Elena Ritschard (Department of Neurosciences and Developmental Biology) received the Award of Excellence for her dissertation: „Evolutionary origins and functional impact of novel genes on cephalopod developmental and morphological innovations“.
Coleoid cephalopods (i.e., octopuses, squids, cuttlefishes) have the largest and most elaborate nervous system among invertebrates and lineage-specific organs associated with the adaptation to different marine environments. This makes them exciting systems to study the evolution of developmental and morphological novelties. With the increasing sequencing of cephalopod genomes, the genomic signatures underlying the evolution of such novelties have begun to be unravelled, but how exactly genomic innovation translates into organismal organisation remains largely unresolved. In her PhD thesis, Elena Ritschard investigated the evolution of genomic novelties in cephalopods at the coding sequence level in order to assess their collective functional impact at the organismal level.

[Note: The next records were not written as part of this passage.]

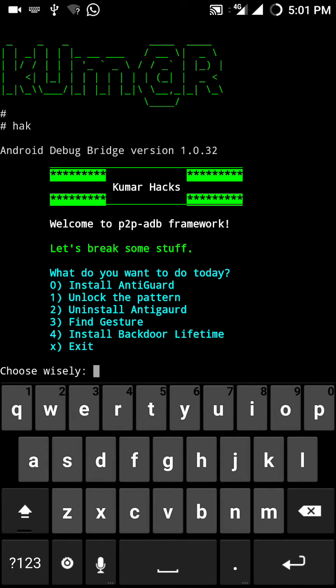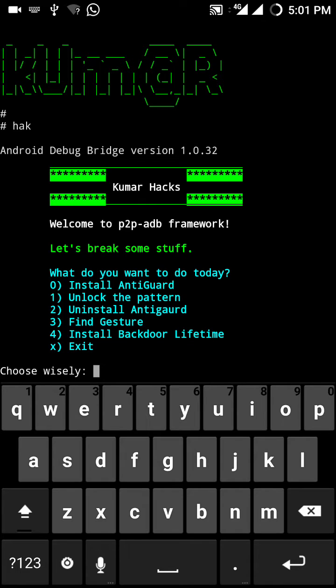You can do much more with the script. You can install AntiGuard, you can uninstall AntiGuard, you can unlock the pattern without root, and you can do much more. If you didn't watch my previous videos, please watch for install AntiGuard, unlock pattern without root. Today I'm going to show you find gestures what I kept in that mobile.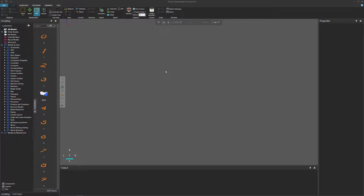Hello, this is William from Visual Components. In this video, I'm going to show you how to connect interfaces using Visual Components 4.1.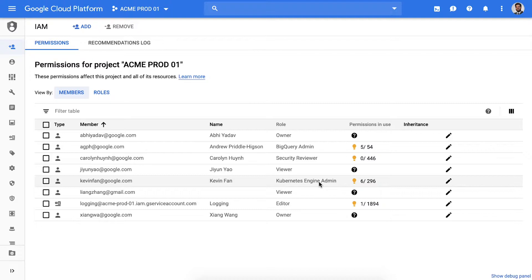Right here in the IAM page, the recommender is now going to show you how many permissions I have given and what is actually being used. There's no need to collect and parse through activity logs. We've done all that hard work for you. We now simply show you this data right here next to the user's assigned role.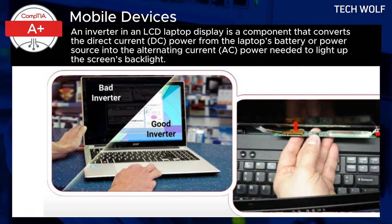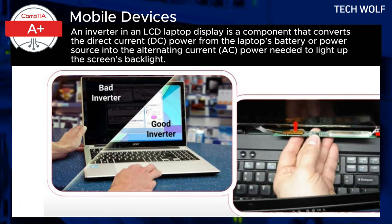In older laptops, inverters were crucial for converting low-voltage DC to high-voltage AC, powering non-LED backlights. These components, once located within the screen bezel, have become obsolete with the advent of LED displays, simplifying modern designs.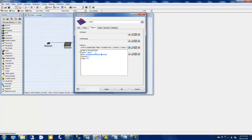I think it should be pointed to column 3, with the value type set accordingly. Now let me test it.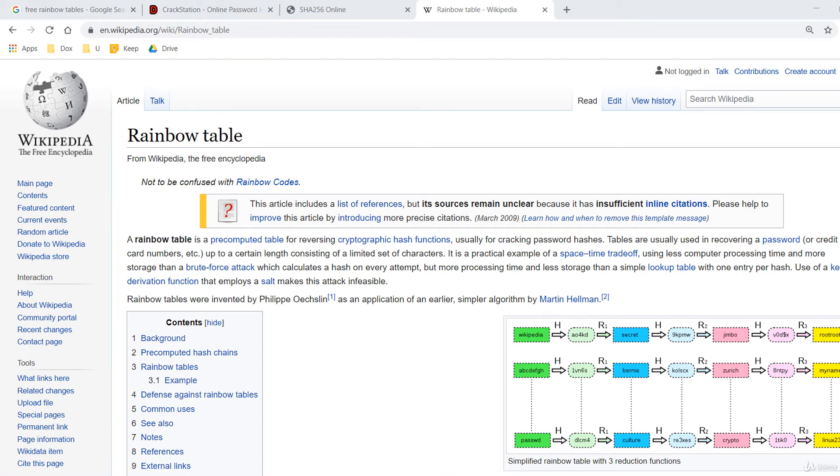In this lecture, we'll discuss rainbow tables. As we've already seen, passwords are normally stored in one-way hashes.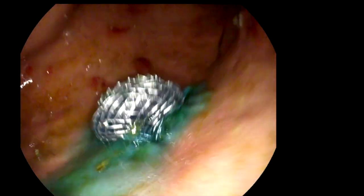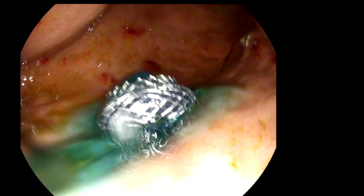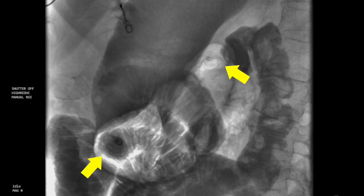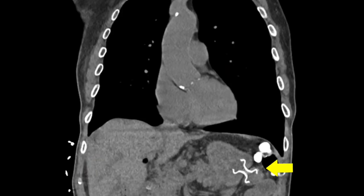At the end of the procedure, the position of the choledochoduodenostomy stent and the gastrojejunostomy stent was confirmed on fluoroscopy and via endoscopy. CT performed 24 hours after the procedure confirmed the correct position of the gastrojejunostomy stent.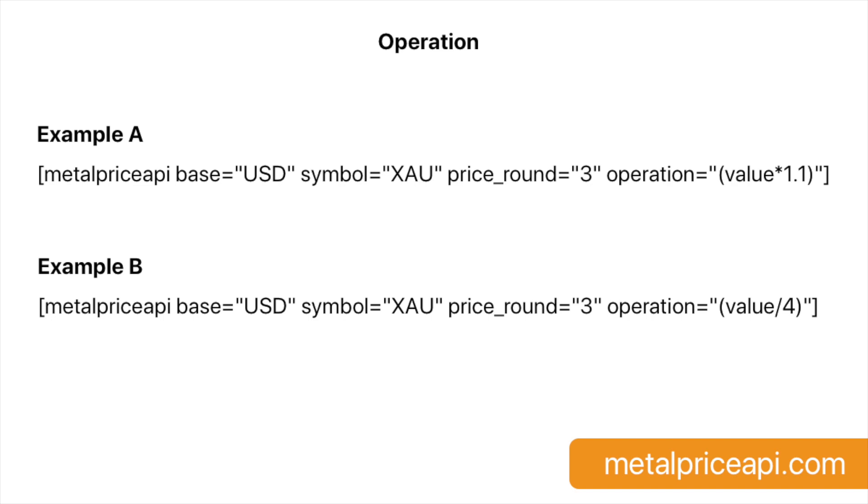When you use this shortcode, the plugin will fetch the current price of gold in USD and then divide it by 4 to calculate the price of a quarter troy ounce. We also support addition and subtraction. By using the operation option, you can perform calculations and transformations on the retrieved metal prices or Forex rates directly within the shortcode. This provides flexibility in displaying customized values based on your specific requirements.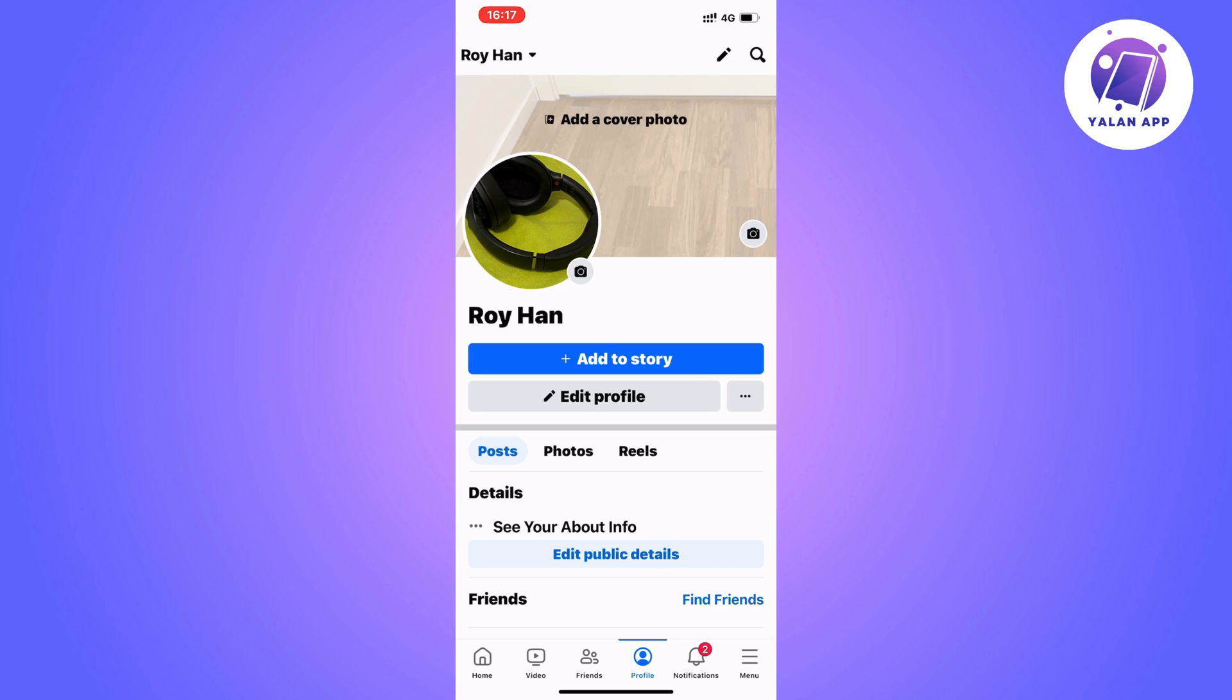So the first step is going to be for us to go into our Facebook app. Go into your Facebook app and of course also log into your Facebook account if you haven't done so already, and then you should be taken to this page right here.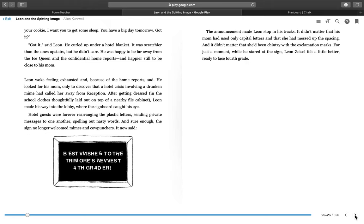As soon as you've finished your cookie, I want you to get some sleep. You have a big day tomorrow. Got it? Got it, said Leon. He curled up under a hotel blanket. It was scratchier than the one upstairs, but he didn't care. He was happy to be far away from the Ice Queen and the confidential home reports and happier still to be close to his mom.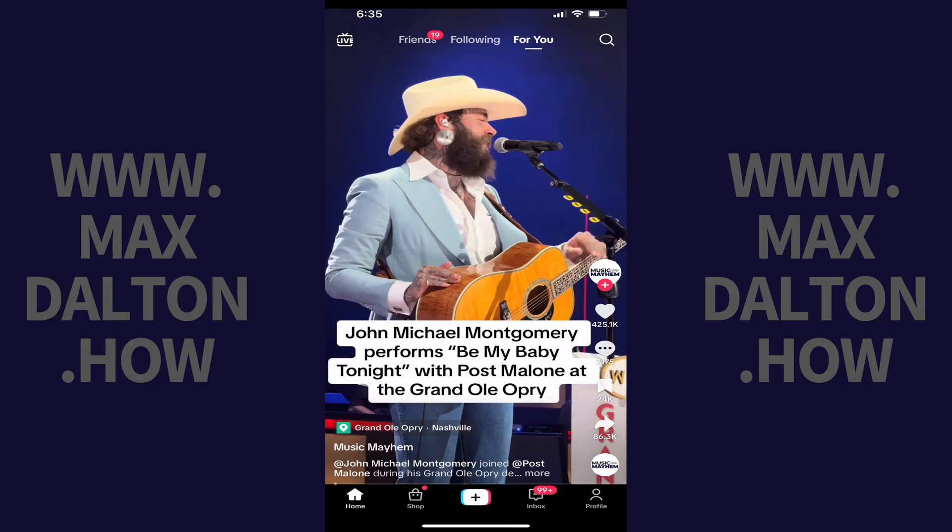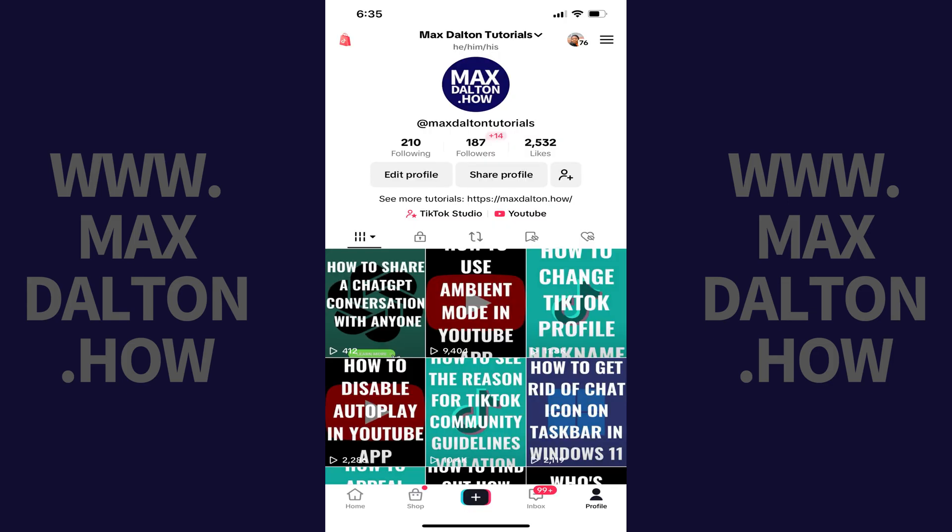Step 1. Open the TikTok app and then tap Profile in the menu along the bottom of the screen. Your TikTok profile screen opens.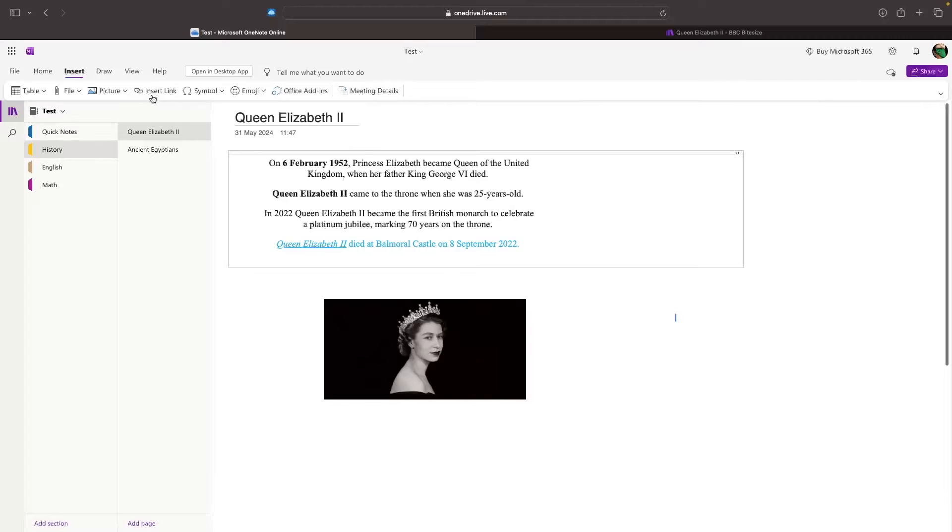Hey everyone, my name is Riley and this video is a step-by-step beginner's tutorial for OneNote.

During her thesis work, she identified unique expansions of G protein-coupled receptors (GPCRs) and Cys2His2-type (C2H2) zinc finger transcription factors in cephalopods. Cephalopod GPCR genes, in contrast to their conserved counterparts, show novel domains of expression outside the brain, while expanded C2H2s maintain an ancestral expression in nervous tissues, particularly the brain. The research also identifies cephalopod-, octopus/squid-, and species-specific orphan genes expressed in various tissues, with overlapping expression observed in nervous tissues and early developmental stages. The findings suggest a synergic contribution of cephalopod-specific genes to the unique structure of the cephalopod nervous system and provide a foundation for future functional studies on these organisms' evolution.
The thesis was supervised by Dr Oleg Simakov (University of Vienna) and Dr Graziano Fiorito (Stazione Zoologica Anton Dohrn, Naples, Italy).
We congratulate her on this achievement!